Although she accepted that Sadiq was facing a custodial sentence, she asked the court to adjourn sentencing for a pre sentence report to be carried out.
Judge Stephen Hopkins QC told Sadiq who, remained emotionless in the dock, that he would let the defendant have bail so he could sort out his affairs.
He said: "The jury have found you guilty on, in my opinion, the most compelling evidence that you indecently and sexually assaulted children when you were supposed to be teaching them the Koran.
"The sentence passes the custodial threshold."
Sadiq was granted bail to appear at the same court on Friday, July 7, for sentencing.
"These women have shown remarkable courage"
Following the verdict Mike Jenkin, from the CPS, said: “These women have shown remarkable courage in coming forward to speak about the abuse they suffered at the hands of Mohammed Haj Sadiq when they were young girls.
“Sadiq was a respected figure in the community with considerable influence and power which makes the bravery of his victims all the more admirable.
“The evidence given by these women meant the prosecution was able to present a compelling case to the jury, resulting in the guilty verdicts returned today.”
Detective Chief Inspector Rob Cronick of South Wales Police said: "Mohammed Sadiq abused his position of trust within the community he served.
"Today's verdict shows the magnitude of Sadiq's offending and the devastating effect this has had on his victims.
"These four young women have shown immense courage in coming forward and telling us about the abuse they suffered and enduring the further anguish of a crown court trial.

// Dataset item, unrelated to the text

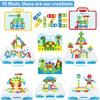 Parhlen Educational Toys Building Blocks, 244 Pieces Electric Screwdriver DIY Building Toys for Boys and Girls, Educational Construction Building kit for Kids Ages 4 5 6 7 8 9 10 Year Old view 2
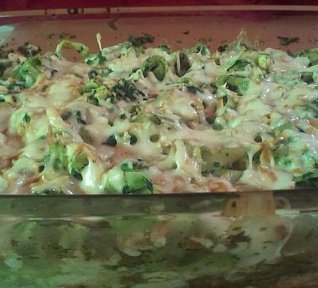 Zapečené těstoviny se špenátem a tofu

"As a result of today's verdict I believe there may be members of the community who may now feel confident enough to speak to the police or our support agencies.
"Anyone with any information concerning this matter or who may have any other concerns should call a dedicated NSPCC helpline on 0808 800 5000 where specially trained staff will talk to you and offer support.
"Alternatively you can call South Wales Police on 101 quoting the reference: 1600442164.
"Investigating sexual violence is a priority of South Wales Police and may I provide reassurance that all allegations of non-recent sexual abuse will be investigated.
"There are also a number of support agencies available to anyone who wishes them to be their point of contact if they have any concerns. South Wales Police can sign post victims directly to them.
"Our priority is to keep victims, and potential victims safe. We are committed to helping the vulnerable and have dedicated teams to help and support anyone who may have been affected by this investigation or any other circumstance."